Collected material ::
# # # # # # #
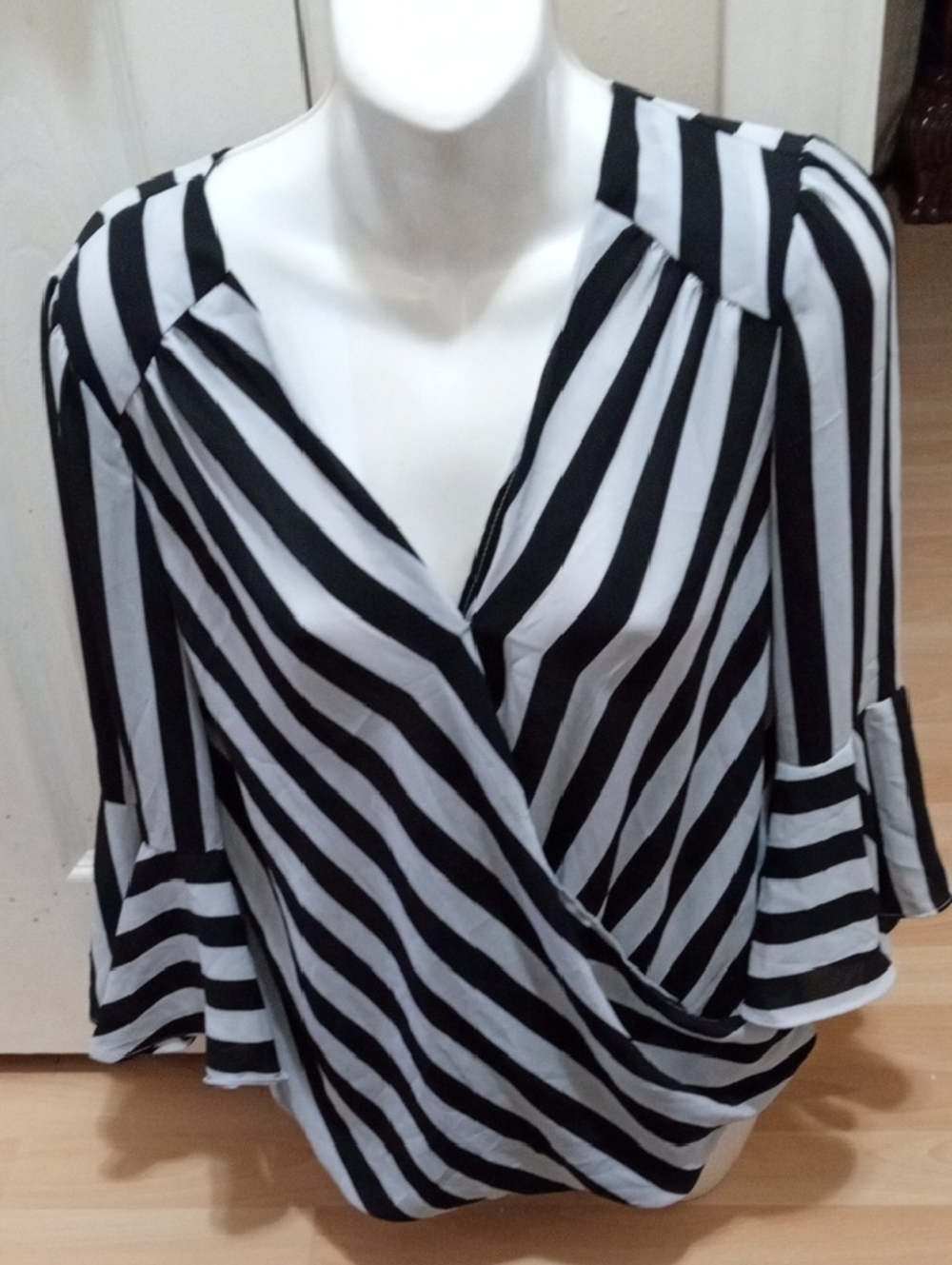 Premise Black & White Striped Wrap-Style Blouse Bust 40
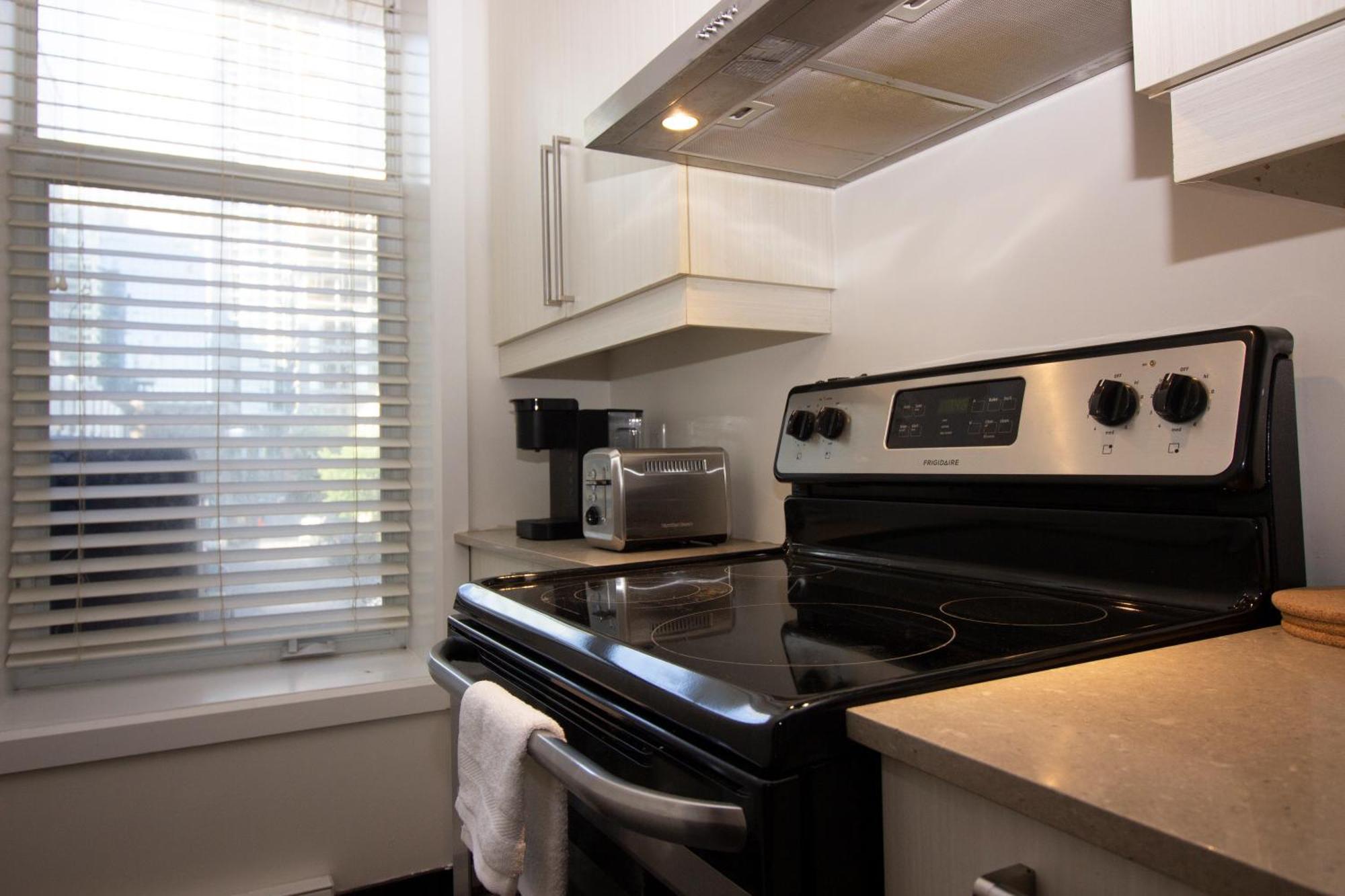 Mackay Street Downtown - Bell Center, Nightlife, & Metro At Your Doorstep! Apartamento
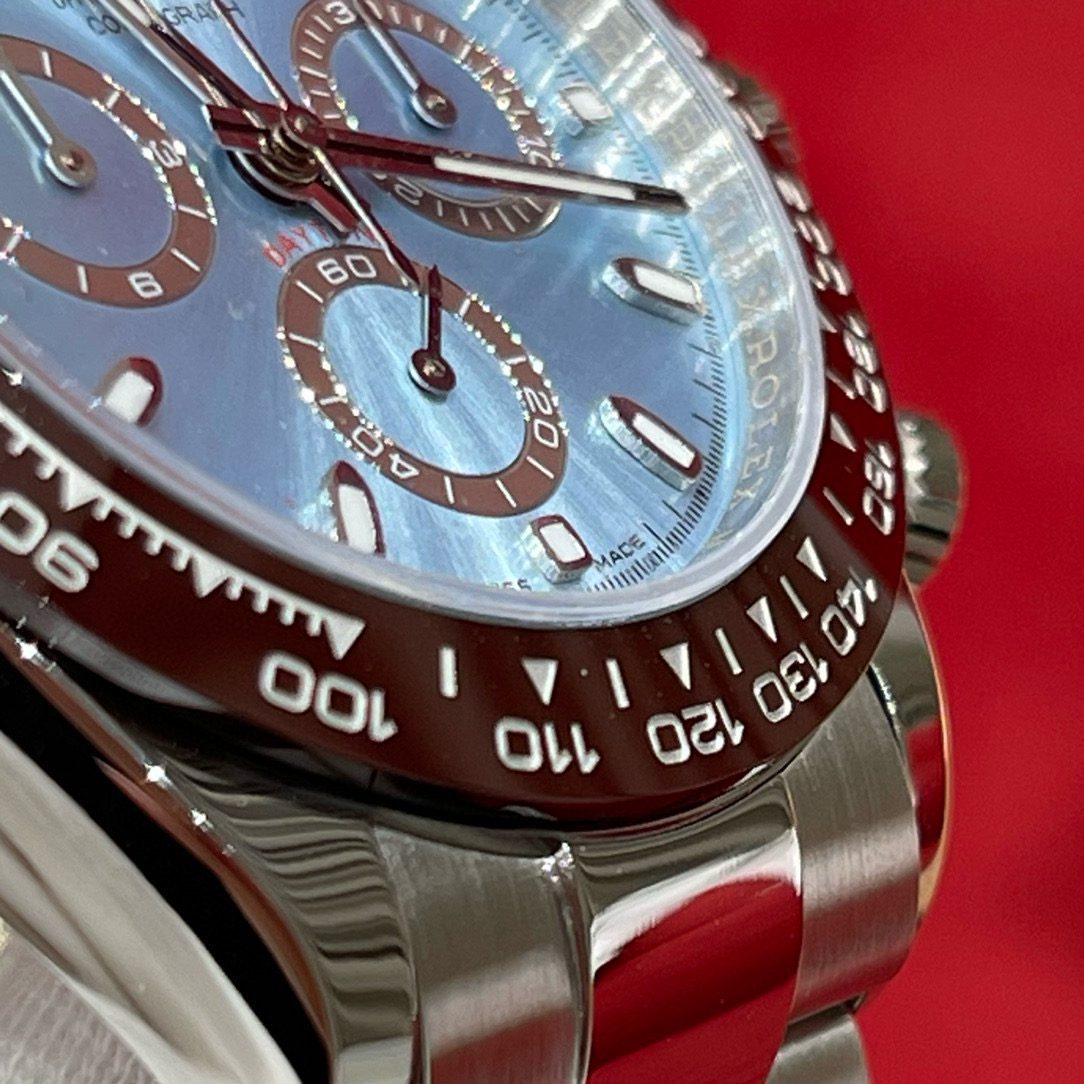 Rolex Cosmograph Daytona view 3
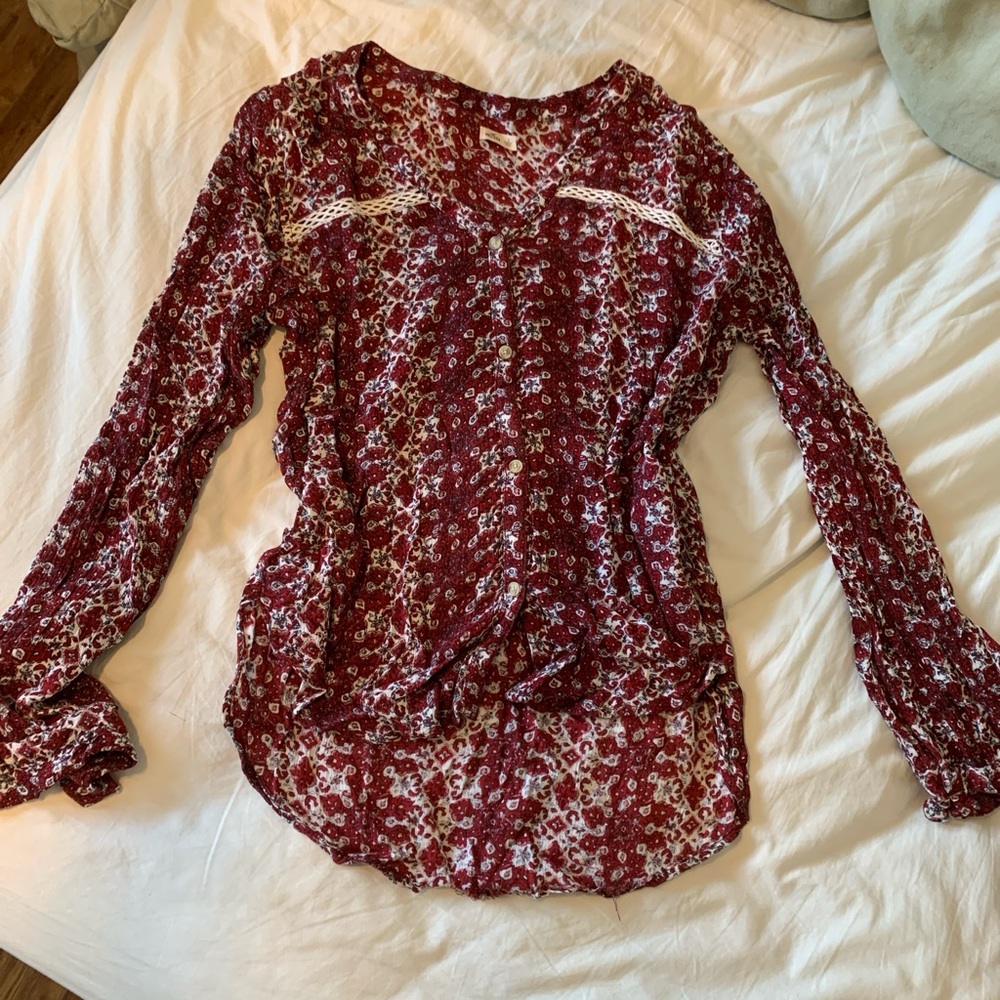 Hollister Burgundy Floral Button-Front Shirt with Crochet Trim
# # # # # # #
What you should do :: Set down exactly, line for line, the data from the line that contains "Mackay Street Downtown" through its last line, keeping pictures out.

Reply ::
 Mackay Street Downtown - Bell Center, Nightlife, & Metro At Your Doorstep! Apartamento
 Rolex Cosmograph Daytona view 3
 Hollister Burgundy Floral Button-Front Shirt with Crochet Trim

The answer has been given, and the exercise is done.